*What the task requires*: Return all of the entries exactly, but do not include the pictures.

--- Excerpted data ---

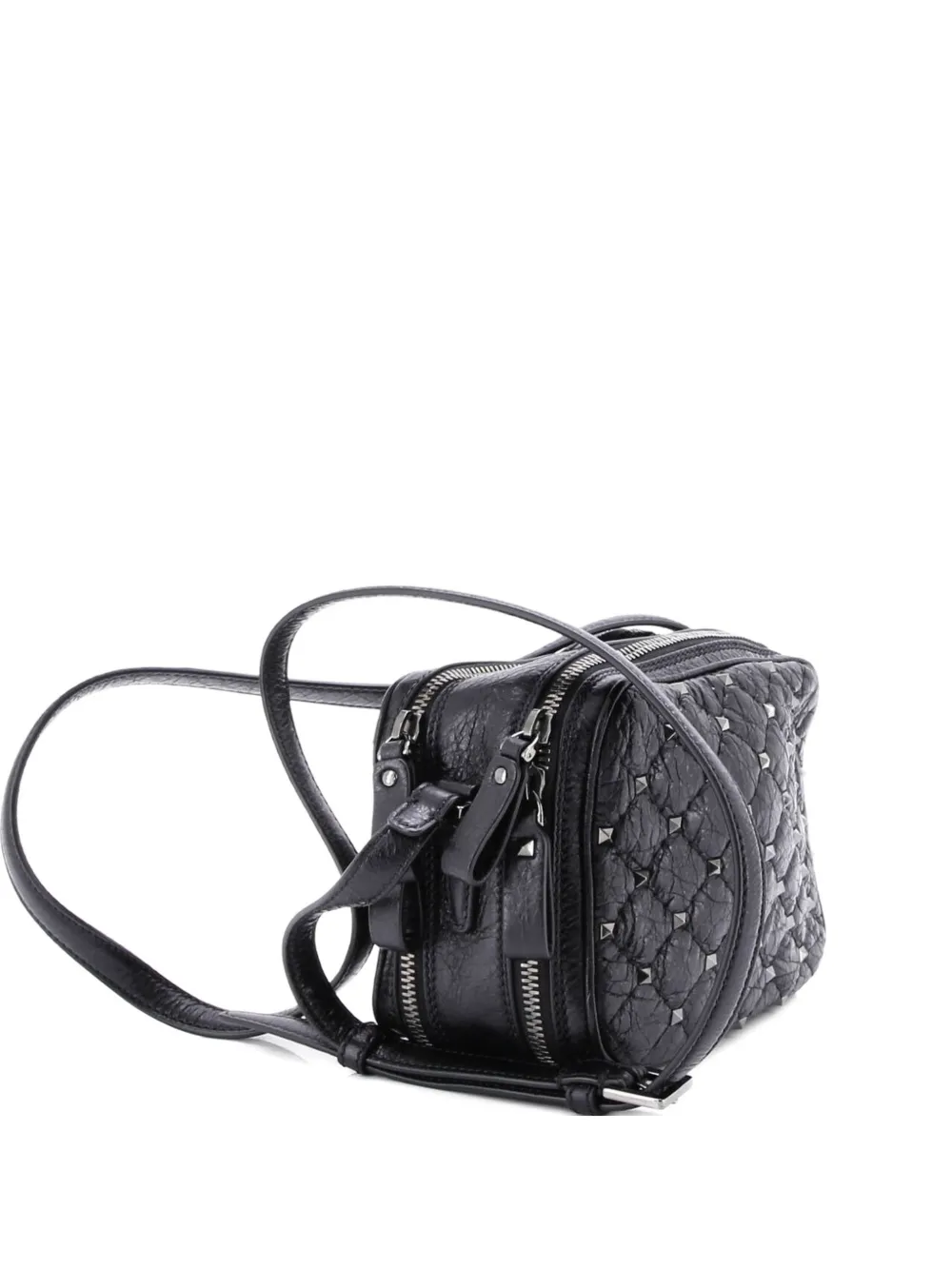 Pre-owned Valentino Garavani Rockstud Double Zip Camera Bag Quilted Crackled Leather Crossbody Bag In Black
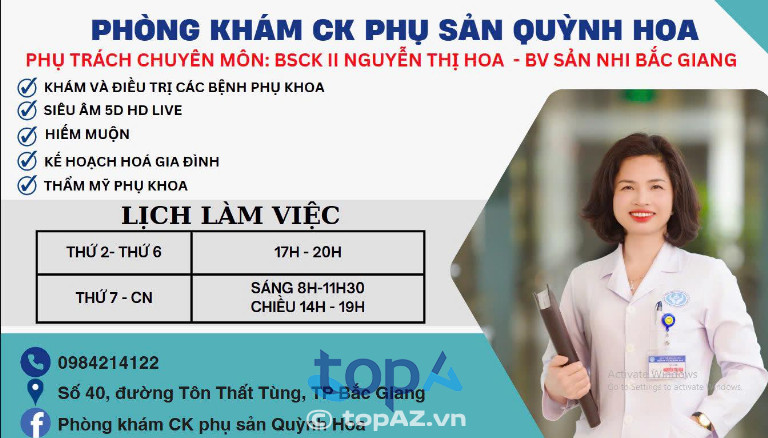 Phòng khám CK phụ sản Quỳnh Hoa - P. Bắc Giang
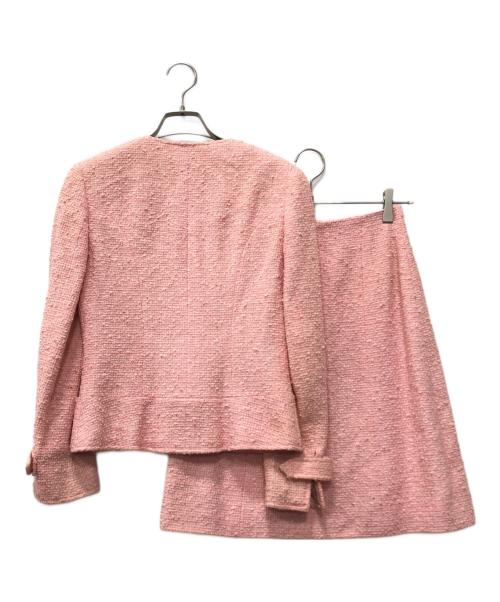 CHANEL（シャネル）CHANEL (シャネル) COCOマークロゴツイードセットアップ ピンク サイズ:36の古着・服飾アイテム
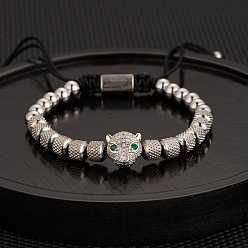 Leopard 304 браслеты из плетеных бусин из нержавеющей стали, цвет нержавеющей стали, леопард, 7-1/8 дюйм (18 см)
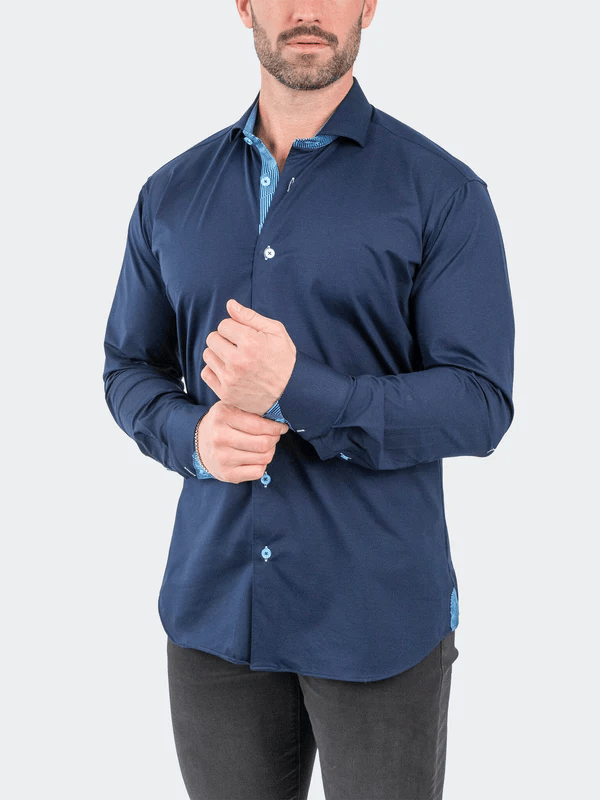 Maceoo Einstein Stretch Solid Optical | Navy - Caswell's Fine Menswear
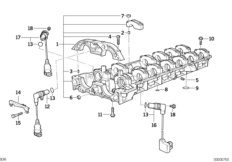 Головка блока ц./промеж.часть картера для BMW E36 M3 S50 (схема запасных частей)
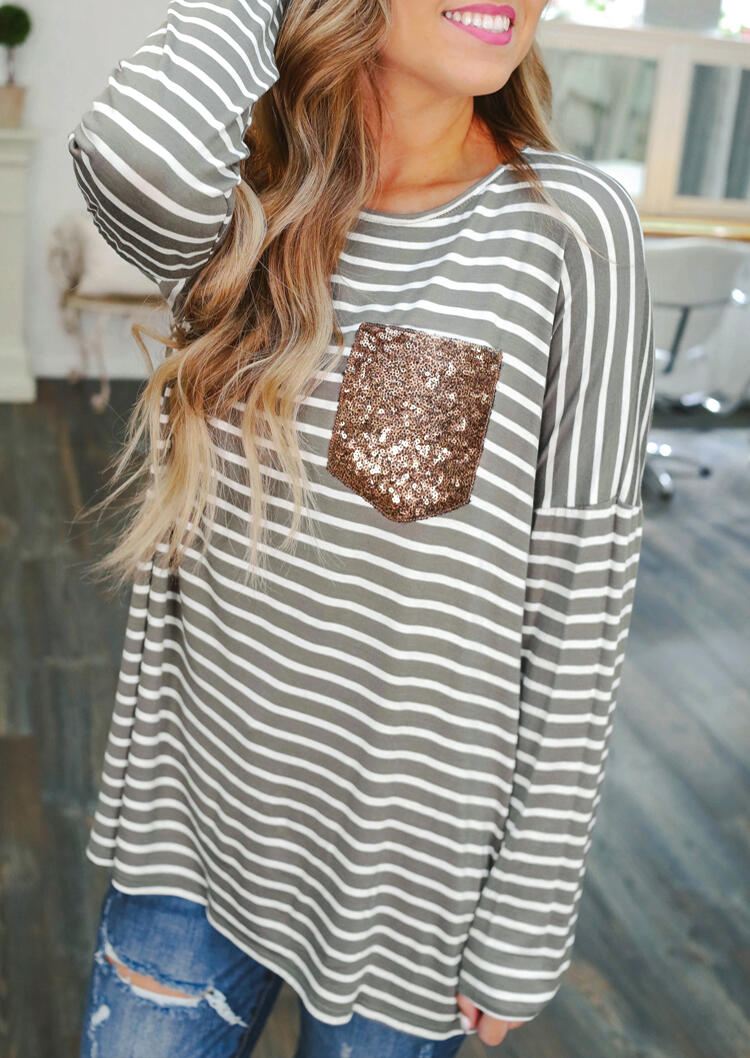 Women Striped Sequined Pocket Full Long Sleeve T-Shirt Tee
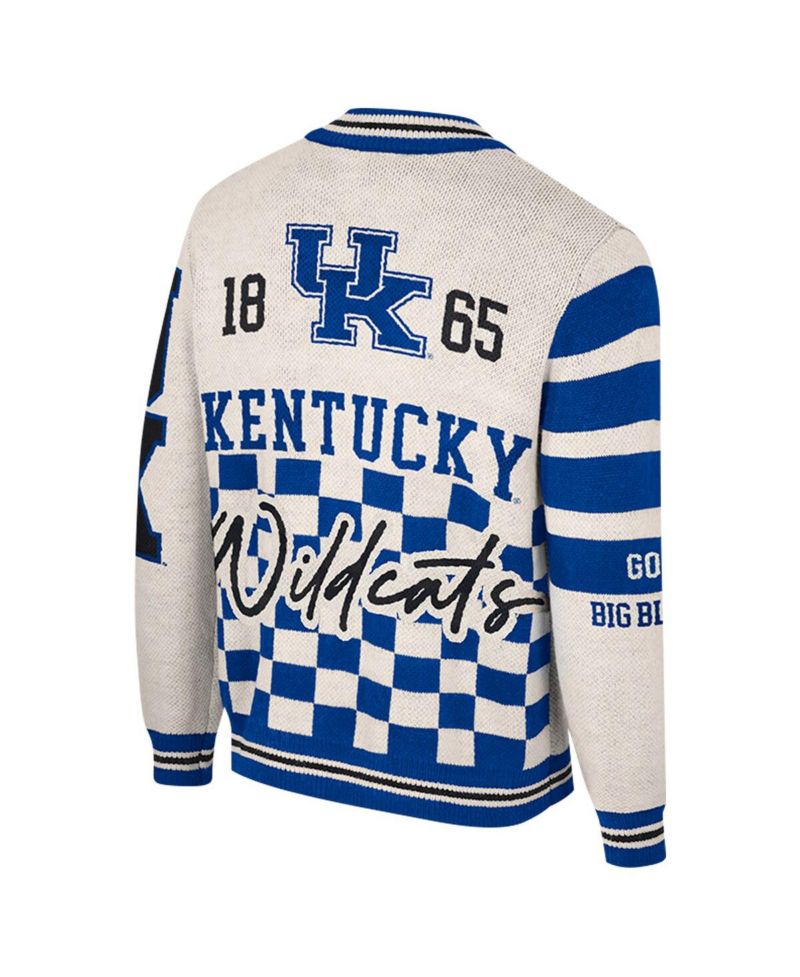 Women's Cream Kentucky Wildcats Jacquard Full-Zip Sweater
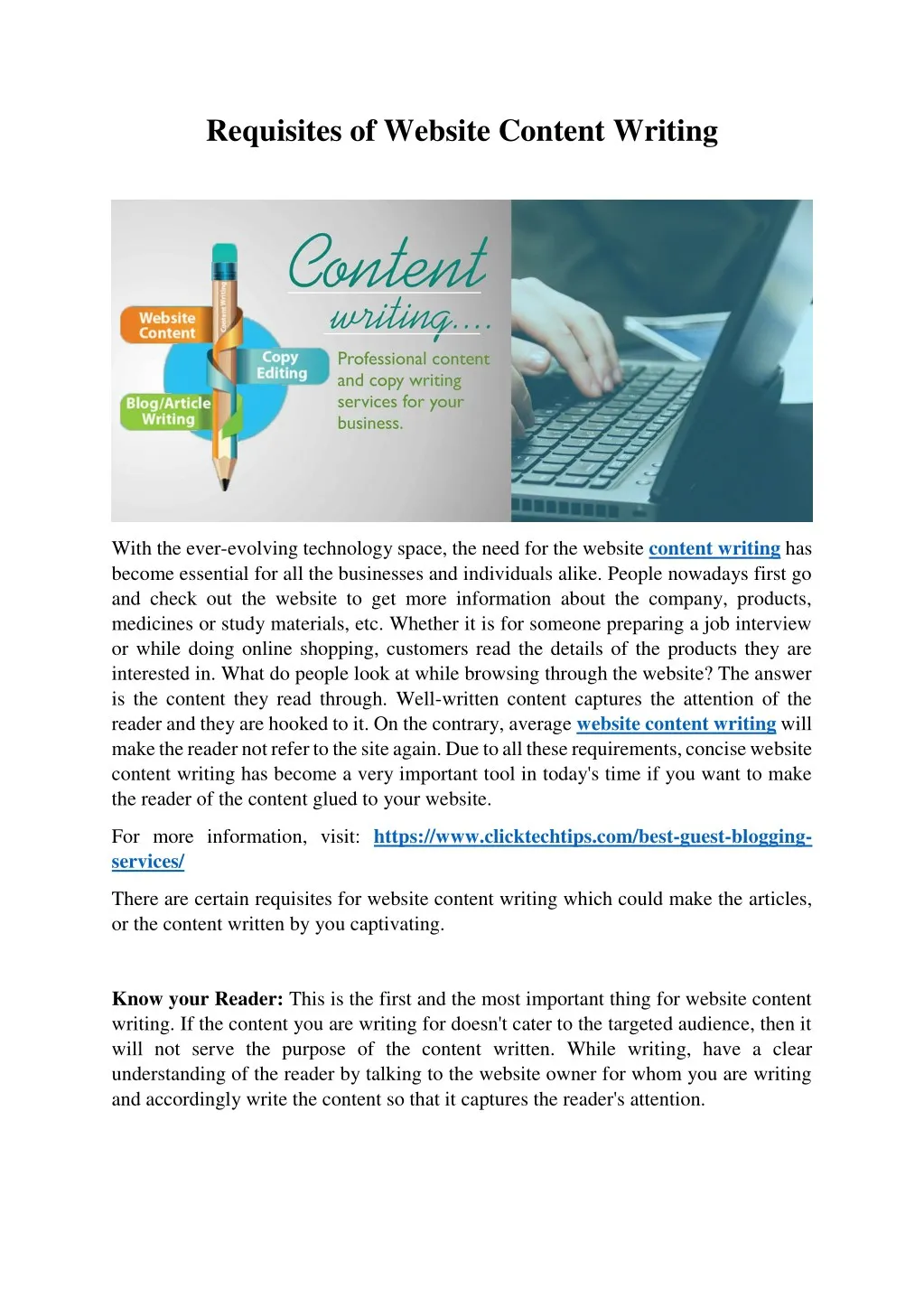 requisites of website content writing n.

---

*Task solution*:
 Pre-owned Valentino Garavani Rockstud Double Zip Camera Bag Quilted Crackled Leather Crossbody Bag In Black
 Phòng khám CK phụ sản Quỳnh Hoa - P. Bắc Giang
 CHANEL（シャネル）CHANEL (シャネル) COCOマークロゴツイードセットアップ ピンク サイズ:36の古着・服飾アイテム
 Leopard 304 браслеты из плетеных бусин из нержавеющей стали, цвет нержавеющей стали, леопард, 7-1/8 дюйм (18 см)
 Maceoo Einstein Stretch Solid Optical | Navy - Caswell's Fine Menswear
 Головка блока ц./промеж.часть картера для BMW E36 M3 S50 (схема запасных частей)
 Women Striped Sequined Pocket Full Long Sleeve T-Shirt Tee
 Women's Cream Kentucky Wildcats Jacquard Full-Zip Sweater
 requisites of website content writing n.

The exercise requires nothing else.